At the Spring Budget this year, the Chancellor replaced the super-deduction with three years of full expensing for plant and machinery – meaning a business can reduce its taxable profit by the full cost of any qualifying investment in the year they invest until the end of March 2026. A 50% deduction is also allowed for some assets including solar panels.
This was a strong statement of intent to support business investment – but it doesn’t go far enough. Businesses need long-term certainty to make the really big investments the UK needs in infrastructure, net zero and innovation.
The OBR thinks business investment will only increase overall if the measure is made permanent – it expects temporary full expensing to pull investment forward from the future that would have happened anyway and make no difference to UK capital stock in the long-run.
The CBI’s own research with Oxford Economics found a permanent full expensing policy could lead to a 21% increase in the level of business investment per year by 2030/31 (an extra £50bn a year).

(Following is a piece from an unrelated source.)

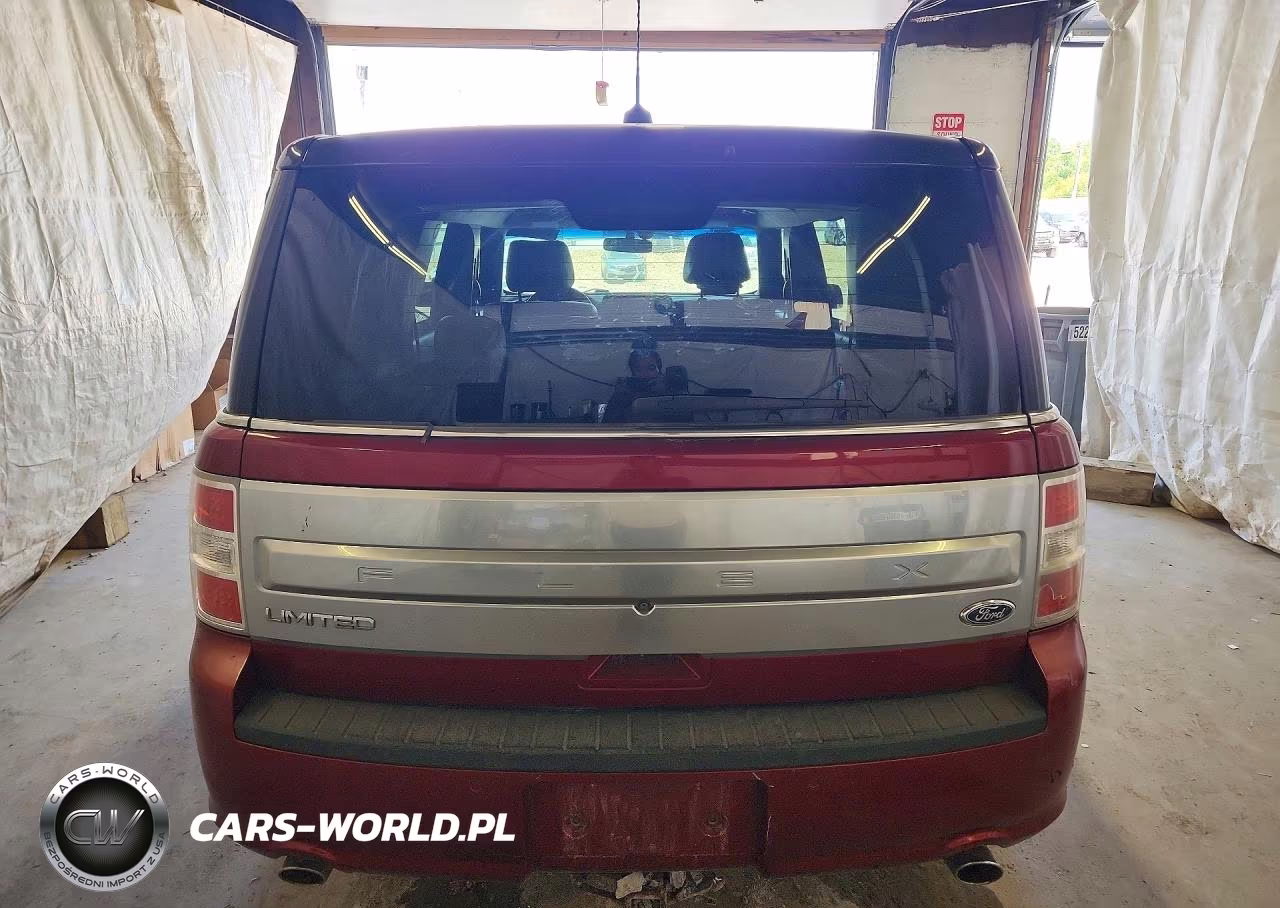 2015 Ford Flex Limited VIN:2FMGK5D80FBA09483 - 6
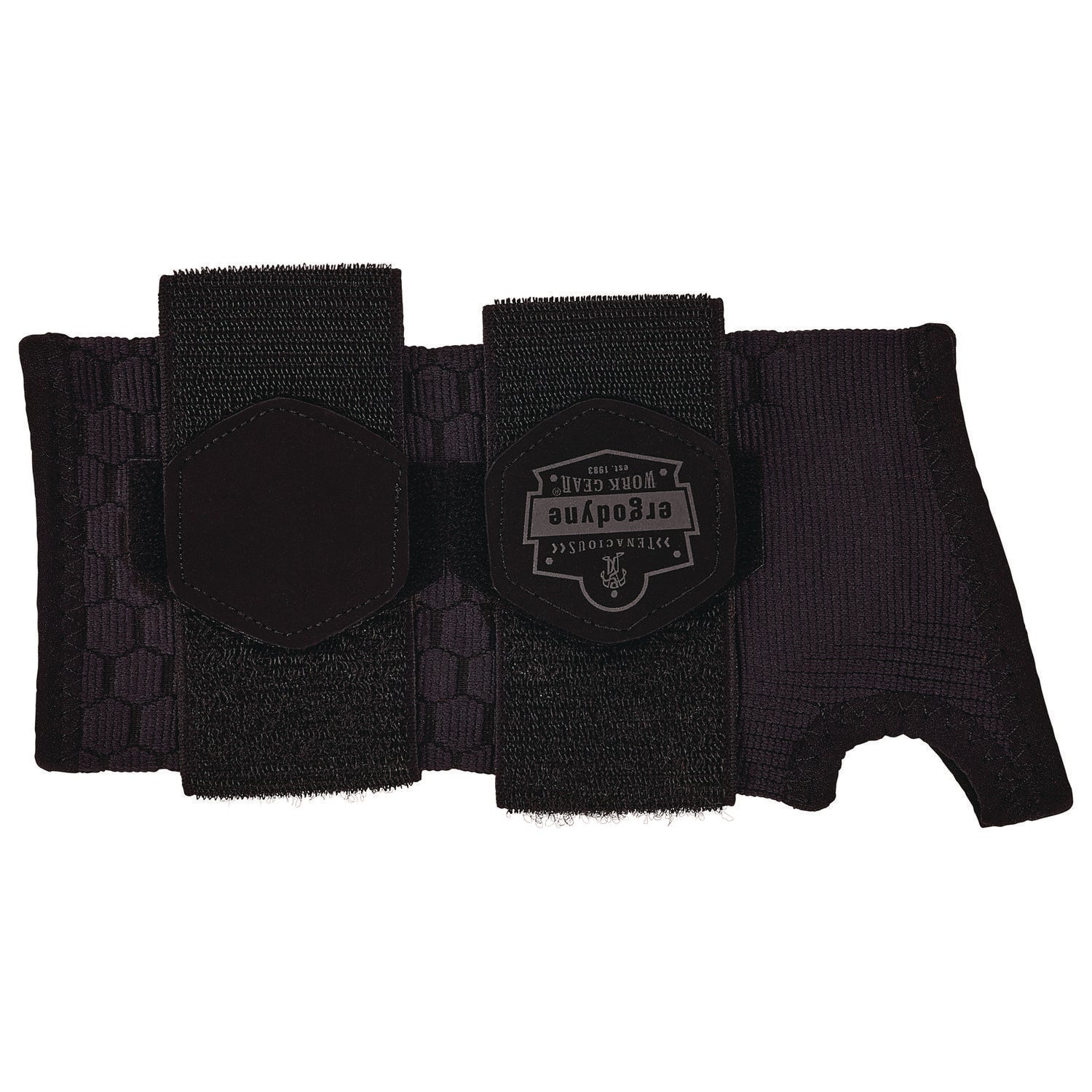 ProFlex 685 Wrist Support Sleeve with Double Strap, Medium, Fits Left Hand/Right Hand, Black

And that would equate to a 2% bump to GDP – £53bn higher than it would otherwise be.
There is an upfront cost to this reform, as the deduction is passed through to firms quicker, but it doesn’t cost more overall. In fact, our analysis shows the net impact on the government’s balance sheet is positive. This is because improving cash flow to businesses boosts investment, therefore profits and employment, which increases tax receipts relative to our baseline forecast.
This is about the UK maintaining its global tax competitiveness and avoiding the drop in business investment that is so crucial for growth and jobs. The UK currently ranks 16th place in the OECD for capital allowances, while tying for first place for allowances for machinery. If full-expensing expires in 2026, the UK would return to having an 18% declining balance allowance for plant and equipment. This would be a shift from a 100% deduction to a 75.8% deduction (in net present value terms), placing the UK in 30th place out of 38 countries.
Many businesses don’t have the cash to buy assets outright – and it may not make sense for them to do so if they’re only needed for a short time. For these businesses, many of which are SMEs, leasing can be greener and more efficient. That’s why we’re also calling for full expensing to be extended to include assets bought for leasing purposes. As many as 39% of members we surveyed in 2022 expected to invest more if deductions were extended to leased or rented assets.
Business investment in the UK was already lagging behind our international peers. With the constantly yo-yoing allowances and no response to incentives for green investment from the US and EU, we risk falling further behind. We need a plan that boosts business investment. And we’ve done the analysis – we know permanent full expensing can be a win all round for business, the government and the economy.